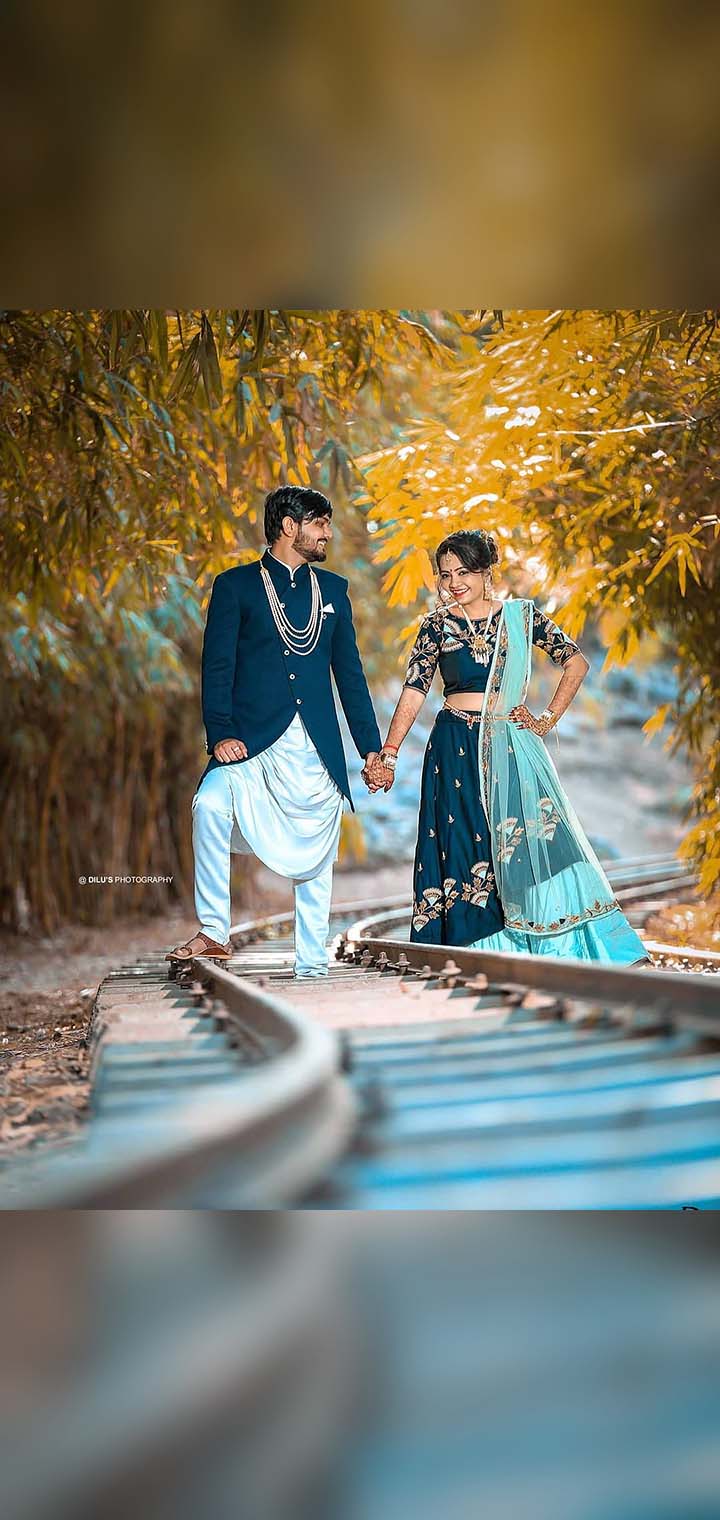 Dilus Photography Pose Image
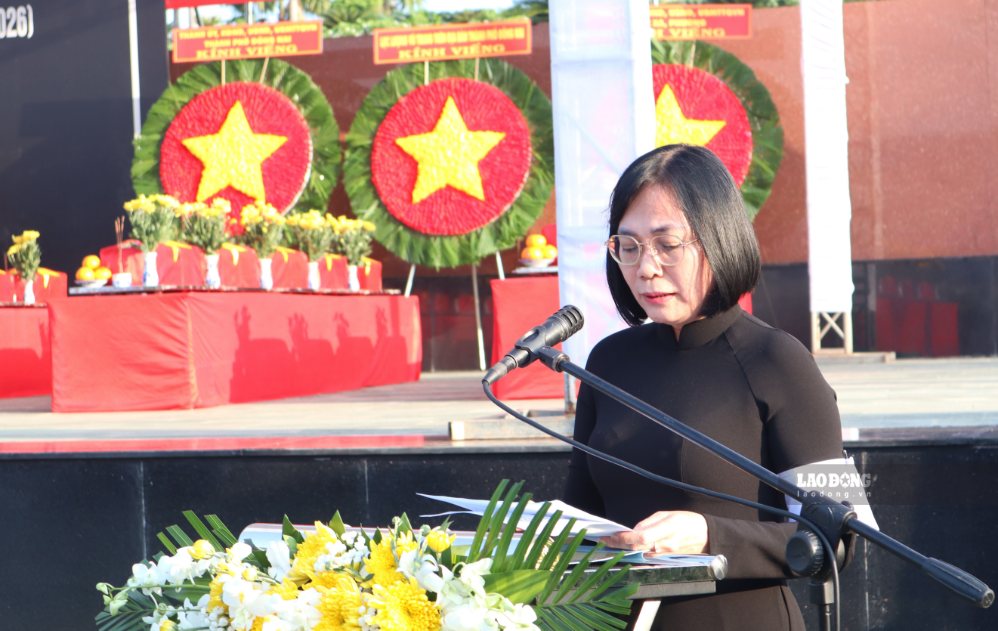 Bà Nguyễn Thị Hoàng, Phó Chủ tịch UBND thành phố Đồng Na đọc điếu văn tại lễ truy điệu. Ảnh: HAC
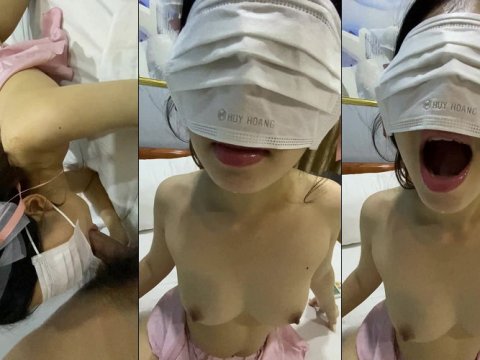 Em nữ sinh cực phẩm tập bú cu mà xuất vô miệng nuốt ngon lành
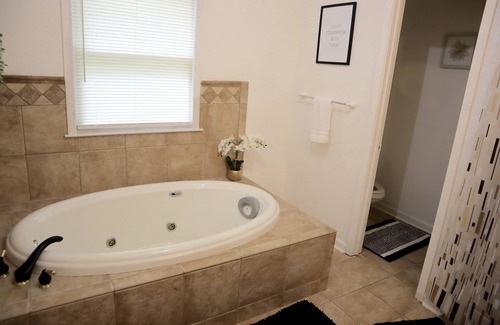 Sylvan Hills House | “In Living Color” - 10 Mins from Airport & Stadium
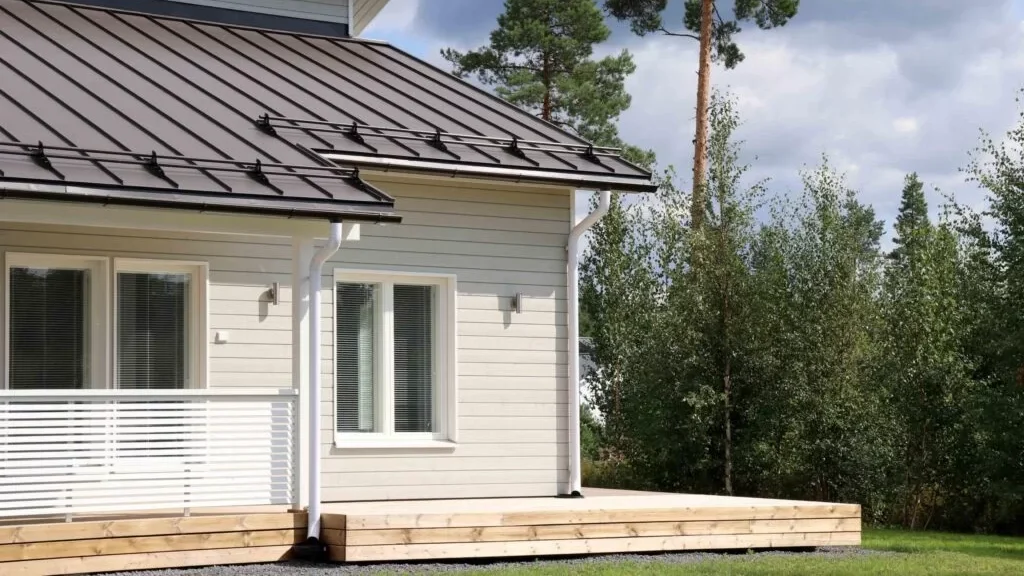 Sadevesikaivon eli rännikaivon asennus 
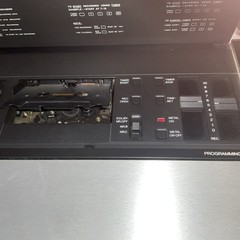 BANG & OLUFSEN B&O BEOCORD 8004 HX-PRO Cassette Player Powers On PARTS OR REPAIR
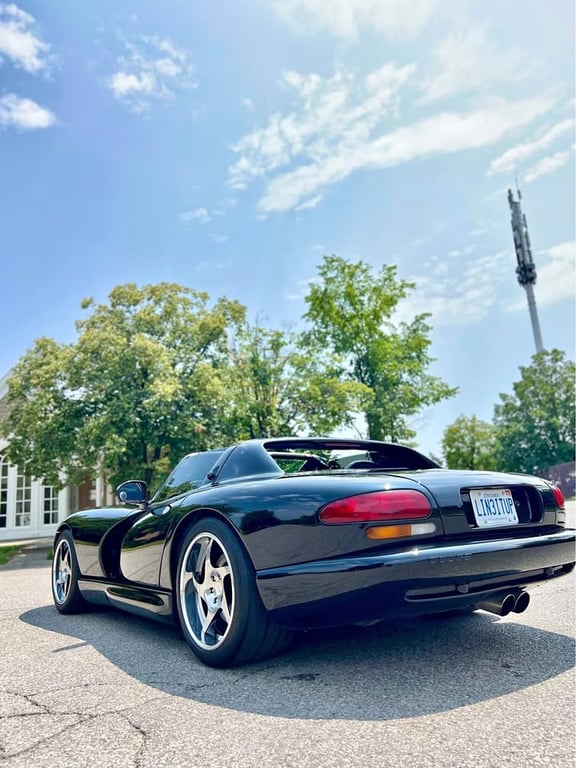 2002 Dodge Viper RT/10 For Sale in Mississauga, ON | Canada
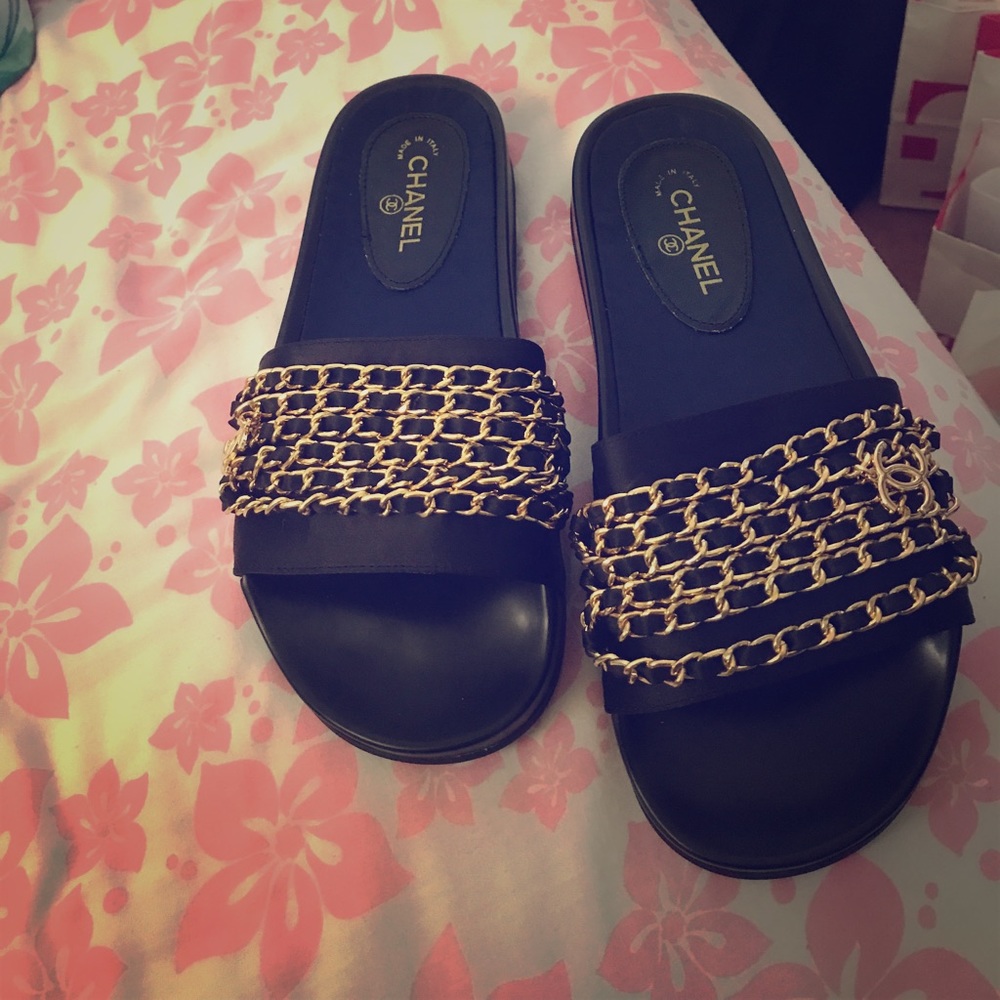 Chanel slides with chain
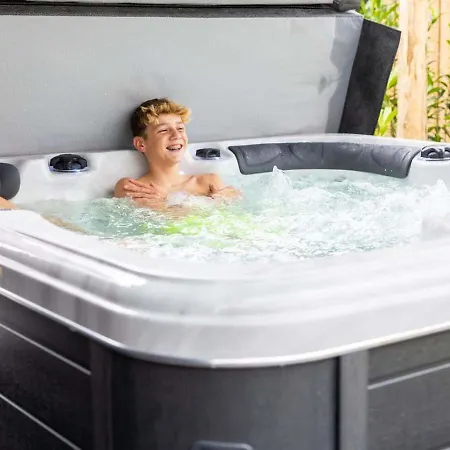 Luxe Vakantievilla Met Privé Jacuzzi Op De Veluwe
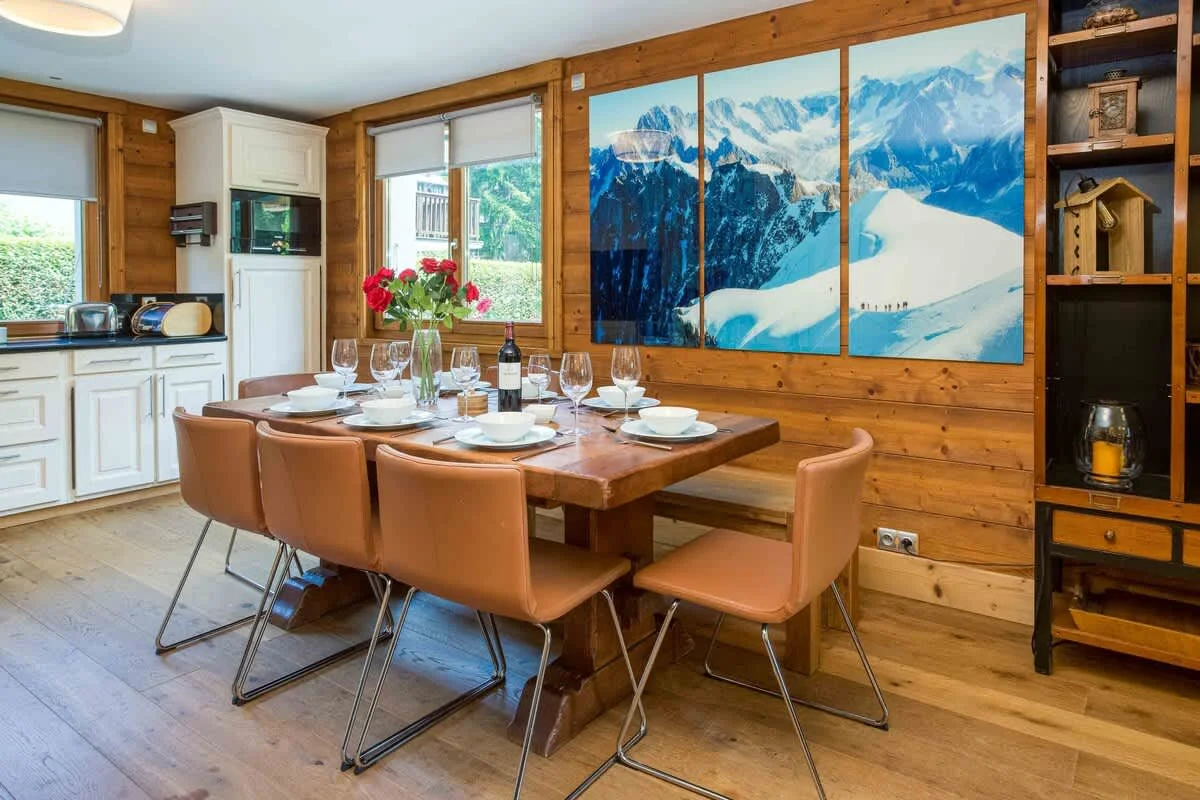 Dining table and fully equipped kitchen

Your instructions: Please output an exact repetition of the lines from the line containing "2002 Dodge Viper" to the end of the records, both included, with no pictures and no additional text.

Finished exercise:
 2002 Dodge Viper RT/10 For Sale in Mississauga, ON | Canada
 Chanel slides with chain
 Luxe Vakantievilla Met Privé Jacuzzi Op De Veluwe
 Dining table and fully equipped kitchen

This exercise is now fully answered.